BU researchers develop computational tools to safeguard privacy without degrading voice-based cognitive markers

Peer-Reviewed Publication

Boston University School of Medicine

(Boston)—Digital voice recordings contain valuable information that can indicate an individual’s cognitive health, offering a non-invasive and efficient method for assessment. Research has demonstrated that digital voice measures can detect early signs of cognitive decline by analyzing features such as speech rate, articulation, pitch variation and pauses, which may signal cognitive impairment when deviating from normative patterns.

 

However, voice data introduces privacy challenges due to the personally identifiable information embedded in recordings, such as gender, accent and emotional state, as well as more subtle speech characteristics that can uniquely identify individuals.
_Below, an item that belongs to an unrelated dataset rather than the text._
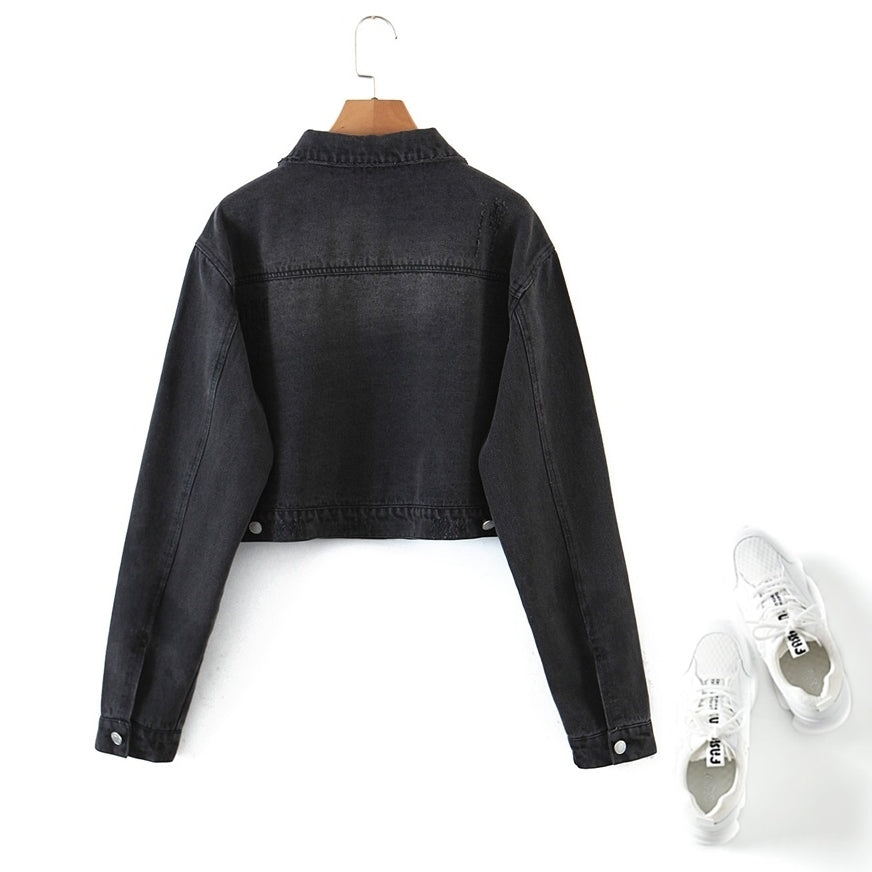 Plus Size Crop Denim Jacket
These risks are amplified when voice data is processed by automated systems, raising concerns about re-identification and potential misuse of data.

 

In a new study, researchers from Boston University Chobanian & Avedisian School of Medicine have introduced a computational framework that applies pitch-shifting, a sound recording technique that changes the pitch of a sound, either raising or lowering it, to protect speaker 

identity while preserving acoustic features essential for cognitive assessment.

 

“By leveraging techniques such as pitch-shifting as a means of voice obfuscation, we demonstrated the ability to mitigate privacy risks while preserving the diagnostic value of acoustic features,” explained corresponding author Vijaya B. Kolachalama, PhD, FAHA, associate professor of medicine.

 

Using data from the Framingham Heart Study (FHS) and DementiaBank Delaware (DBD), the researchers applied pitch-shifting at different levels and incorporated additional transformations, such as time-scale modifications and noise addition, to alter vocal characteristics to responses to neuropsychological tests. They then assessed speaker obfuscation via equal error rate and diagnostic utility through the classification accuracy of machine learning models distinguishing cognitive states: normal cognition (NC), mild cognitive impairment (MCI) and dementia (DE).

 

Using obfuscated speech files, the computational framework was able to accurately determine NC, MCI and DE differentiation in 62% of the FHS dataset and 63% of the DBD dataset.

 

According to the researchers, this work contributes to the ethical and practical integration of voice data in medical analyses, emphasizing the importance of protecting patient privacy while maintaining the integrity of cognitive health assessments. “These findings pave the way for developing standardized, privacy-centric guidelines for future applications of voice-based assessments in clinical and research settings,” adds Kolachalama, who also is an associate professor of computer science, affiliate faculty of Hariri Institute for Computing and a founding member of the Faculty of Computing & Data Sciences at Boston University.

 

These findings appear online in Alzheimer's & Dementia: The Journal of the Alzheimer's Association.

 

This project was supported by grants from the National Institute on Aging’s Artificial Intelligence and Technology Collaboratories (P30-AG073104 and P30-AG073105), the American Heart Association (20SFRN35460031), Gates Ventures, and the National Institutes of Health (R01-HL159620, R01-AG062109, and R01-AG083735).

 

Note to Editors:

V.B.K. is a co-founder and equity holder of deepPath Inc. and CogniScreen, Inc. He also serves on the scientific advisory board of Altoida Inc. R.A. is a scientific advisor to Signant Health and NovoNordisk.